## Prompt
Repeat, exactly and in full, the lines of the listing below, but without any pictures.

## Supplied information
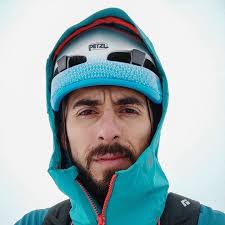 Iliniza Sur Expréss (1 día) Nivel Físico: Alto Nivel Técnico: Alto  Integrantes: Mateo Egas Henrry Manosalvas Walter Salas Nuestro viaje empezó  una vez que recogí a Walter y Mateo, mientras nos acercábamos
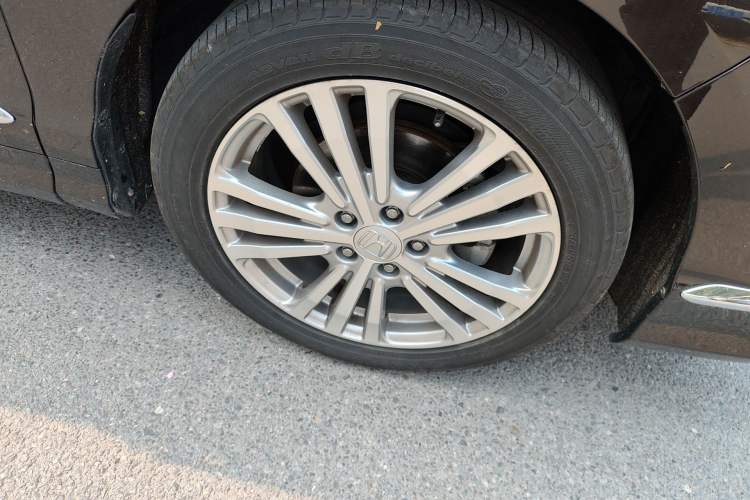 Used Honda Elysion 2016 2.4L Style Edition
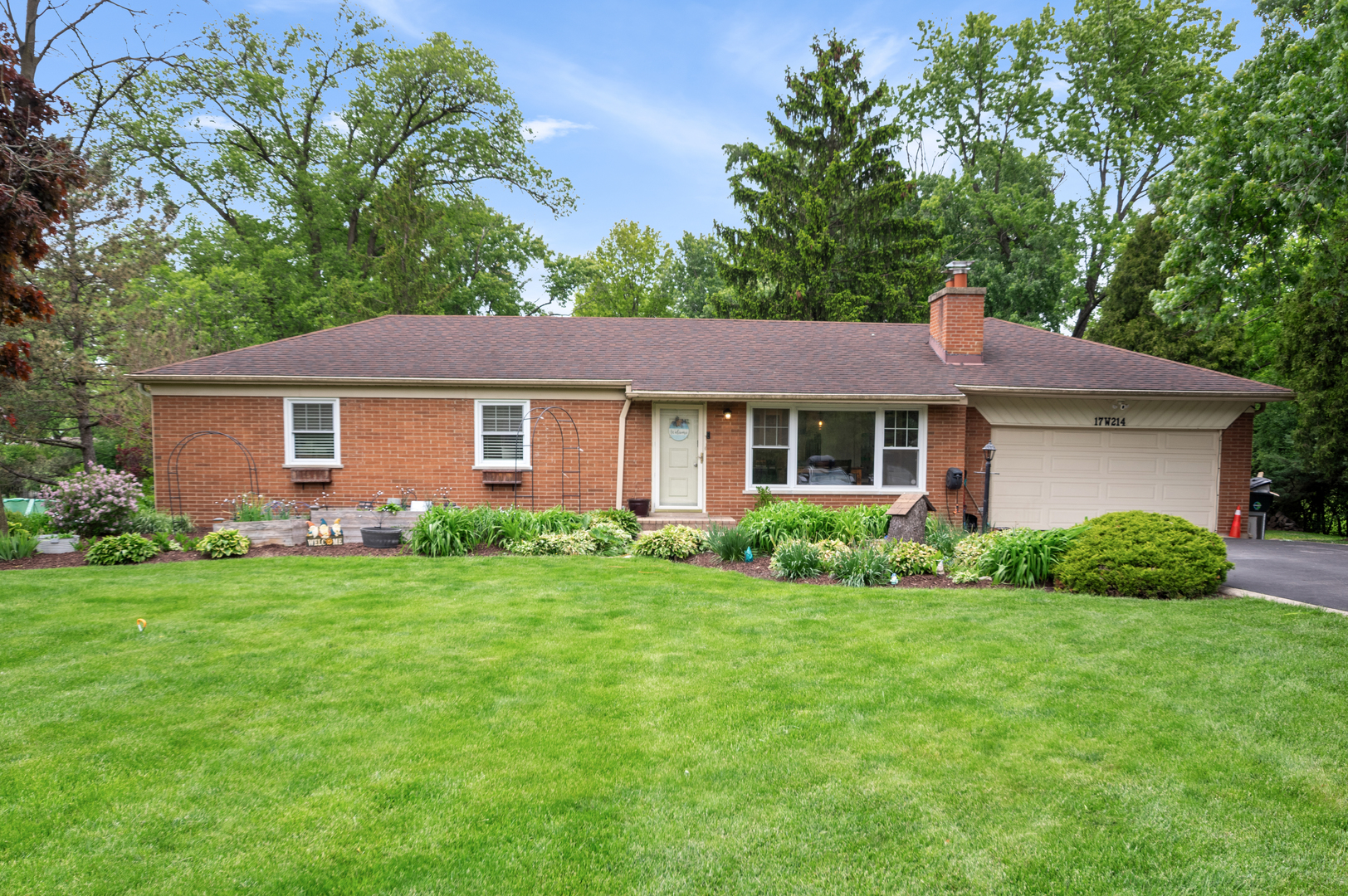 17W214 Hillside Lane
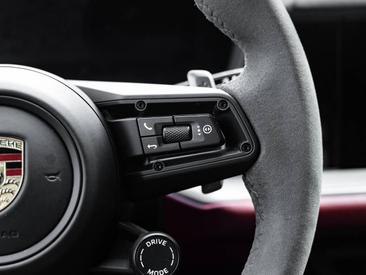 Porsche Cayenne III — photo 30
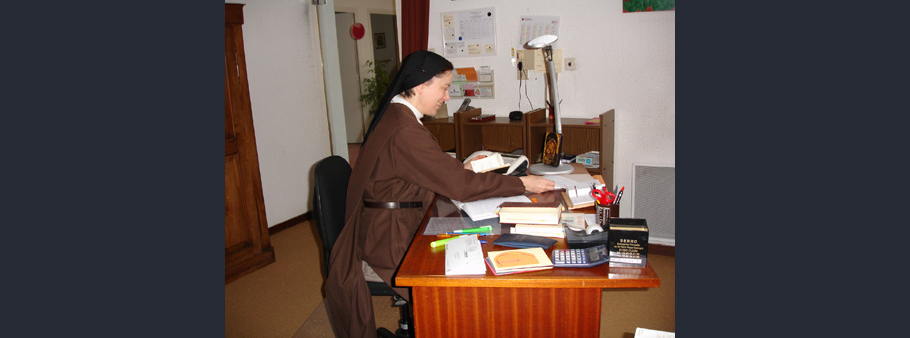 soeur qui travaille sur un bureau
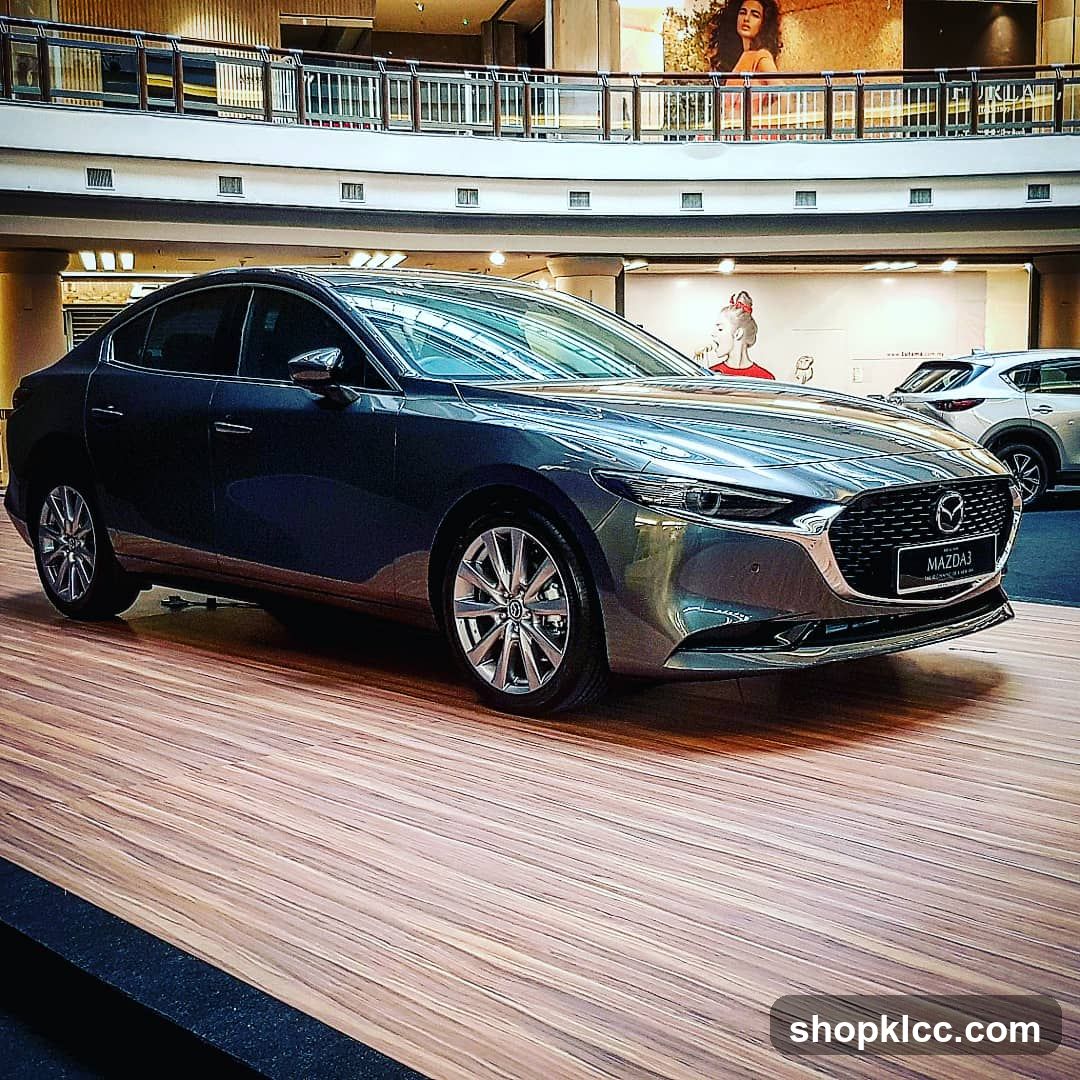 Mazda 3 Sedan Display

## Response to the task
 Iliniza Sur Expréss (1 día) Nivel Físico: Alto Nivel Técnico: Alto  Integrantes: Mateo Egas Henrry Manosalvas Walter Salas Nuestro viaje empezó  una vez que recogí a Walter y Mateo, mientras nos acercábamos
 Used Honda Elysion 2016 2.4L Style Edition
 17W214 Hillside Lane
 Porsche Cayenne III — photo 30
 soeur qui travaille sur un bureau
 Mazda 3 Sedan Display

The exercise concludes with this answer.